A l’origine de ce film, on trouve la bande-dessinée de Chester Gould parue initialement en 1931 et rapidement adaptée au cinéma (dès 1937) dans une tripotée de serials et de longs-métrages plus ou moins mémorables au cours desquels le détective se frottait à une succession de bad guys saugrenus tout en expérimentant moult gadgets kitchissimes.

Très populaire aux Etats-Unis, le héros pulp n’en demeurait pas moins relativement méconnu dans nos contrées durant plusieurs décennies. Tombé progressivement dans l’oubli outre-atlantique, le héros fit son grand retour en 1990 via l’adaptation cinématographique que lui consacra alors l’acteur-réalisateur-producteur Warren Beatty. Une adaptation que l’on imagine aujourd’hui un rien boostée par le carton planétaire du Batman de Tim Burton, sorti quelques mois auparavant.

Loin de l’atmosphère délicieusement sordide des premières adaptations ciné du comic-book, ce Dick Tracy surprend avant tout par sa direction artistique flamboyante et ses couleurs saturées accentuant le surréalisme d’une intrigue par ailleurs minimaliste.

Dick Tracy, un détective dur à cuire, part en croisade contre le grand patron du crime Big Boy Caprice lequel tel un Al Capone grotesque élimine chacun de ses concurrents pour s’assurer le contrôle de tout le crime organisé de la ville. Le gangster tend un piège à Tracy qui se retrouve bientôt accusé à tort d’un crime qu’il n’a pas commis. Aidé du Kid, un petit orphelin fort en gouaille, le détective compte bien prouver son innocence et mettre Big Boy derrière les barreaux.

Une trame simpliste et très manichéenne qui aurait pu être rédhibitoire si Beatty n’assumait pleinement son parti-pris caricatural en accentuant tous les aspects les plus outranciers de son intrigue à l’image. Car au-delà des couleurs criardes et de son esthétique rétro-noire des plus fantasmée, Beatty s’amuse à caractériser ses mafieux en les affublant de faciès grotesques et inquiétants, sensés révéler leurs traits de caractères prédominants. Un parti-pris qui renvoie d’ailleurs aux illustrations de Gould lequel n’hésitait pas à déformer les traits des différents antagonistes de ses intrigues. Al Pacino est donc méconnaissable en Big Boy Caprice, ignoble gnome au visage boursouflé et c’est un plaisir de voir l’acteur se laisser aller à l’exercice du cabotinage excessif, loin de ses rôles de composition habituels. On retrouve également avec plaisir certaines guests stars de renom (Dustin Hoffman, James Caan, Paul Sorvino, Charles Durning) dont les maquillages grotesques ne suffisent pas à masquer leur savoureux numéro d’acteur.

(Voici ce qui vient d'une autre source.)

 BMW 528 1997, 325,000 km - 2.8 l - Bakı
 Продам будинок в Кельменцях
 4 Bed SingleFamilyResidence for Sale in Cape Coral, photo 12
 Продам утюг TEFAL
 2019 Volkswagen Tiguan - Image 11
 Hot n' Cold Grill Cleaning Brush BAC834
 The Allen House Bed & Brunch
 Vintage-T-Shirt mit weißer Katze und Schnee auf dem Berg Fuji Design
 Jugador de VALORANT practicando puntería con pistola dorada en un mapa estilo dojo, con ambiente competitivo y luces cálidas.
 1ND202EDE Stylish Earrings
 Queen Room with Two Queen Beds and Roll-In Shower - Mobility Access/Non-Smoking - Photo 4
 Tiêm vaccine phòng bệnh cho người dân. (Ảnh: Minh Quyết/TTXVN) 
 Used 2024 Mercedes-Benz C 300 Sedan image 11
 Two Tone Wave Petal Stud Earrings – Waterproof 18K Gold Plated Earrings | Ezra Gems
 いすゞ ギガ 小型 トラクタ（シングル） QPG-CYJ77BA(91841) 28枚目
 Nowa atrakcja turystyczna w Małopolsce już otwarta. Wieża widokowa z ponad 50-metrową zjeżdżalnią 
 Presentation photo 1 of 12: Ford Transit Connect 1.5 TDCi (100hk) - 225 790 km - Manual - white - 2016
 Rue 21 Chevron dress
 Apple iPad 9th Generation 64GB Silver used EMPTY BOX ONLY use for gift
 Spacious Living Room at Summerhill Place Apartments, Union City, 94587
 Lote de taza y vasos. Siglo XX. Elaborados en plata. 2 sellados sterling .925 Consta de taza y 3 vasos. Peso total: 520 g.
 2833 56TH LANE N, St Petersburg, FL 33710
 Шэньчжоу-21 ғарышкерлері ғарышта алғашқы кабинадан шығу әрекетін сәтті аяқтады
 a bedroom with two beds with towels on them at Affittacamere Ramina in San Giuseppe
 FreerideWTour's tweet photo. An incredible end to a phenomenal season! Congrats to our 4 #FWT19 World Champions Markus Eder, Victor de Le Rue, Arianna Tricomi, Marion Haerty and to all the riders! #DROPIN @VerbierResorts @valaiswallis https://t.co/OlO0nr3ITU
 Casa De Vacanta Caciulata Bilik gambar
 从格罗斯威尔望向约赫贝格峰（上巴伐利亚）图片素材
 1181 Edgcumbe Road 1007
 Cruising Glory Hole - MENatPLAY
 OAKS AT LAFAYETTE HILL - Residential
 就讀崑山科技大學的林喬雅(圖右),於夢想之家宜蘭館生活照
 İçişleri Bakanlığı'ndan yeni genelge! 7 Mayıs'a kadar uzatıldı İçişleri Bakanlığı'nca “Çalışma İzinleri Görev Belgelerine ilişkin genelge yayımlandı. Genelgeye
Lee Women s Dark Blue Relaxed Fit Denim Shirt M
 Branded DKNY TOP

Un traitement esthétique que Beatty épargnera heureusement à Madonna laquelle incarne une sublime vamp énigmatique, sorte de Marylin Monroe des bas-fonds (un rôle qui lui permit en outre de remporter l’oscar de la meilleure chanson originale). A cette étonnante galerie de personnages s’ajoute aussi un mystérieux tueur cagoulé dont l’identité ne surprendra personne.

Avec ce Dick Tracy, Beatty réussit donc la transposition du comic à l’écran et se livre finalement à un exercice de style périlleux (puisque jouant constamment par son esthétique du manichéisme de sa trame) mais totalement assumé et réussi. Des qualités formelles qui rattrapent la minceur d’un scénario qu’on aurait souhaité plus original et marquant. Certes, Beatty s’approprie les codes du film noir et les accentue à outrance mais sans jamais vraiment se risquer à les détourner comme l’avait fait Zemeckis avec son Qui veut la peau de Roger Rabbit ? par exemple. En résulte un scénario prévisible de bout en bout qui perd en originalité ce que la réalisation gagne en audace stylistique.

Un bémol qui ne suffit pourtant pas à atténuer la singularité surprenante d’une oeuvre qui gagne largement à être redécouverte.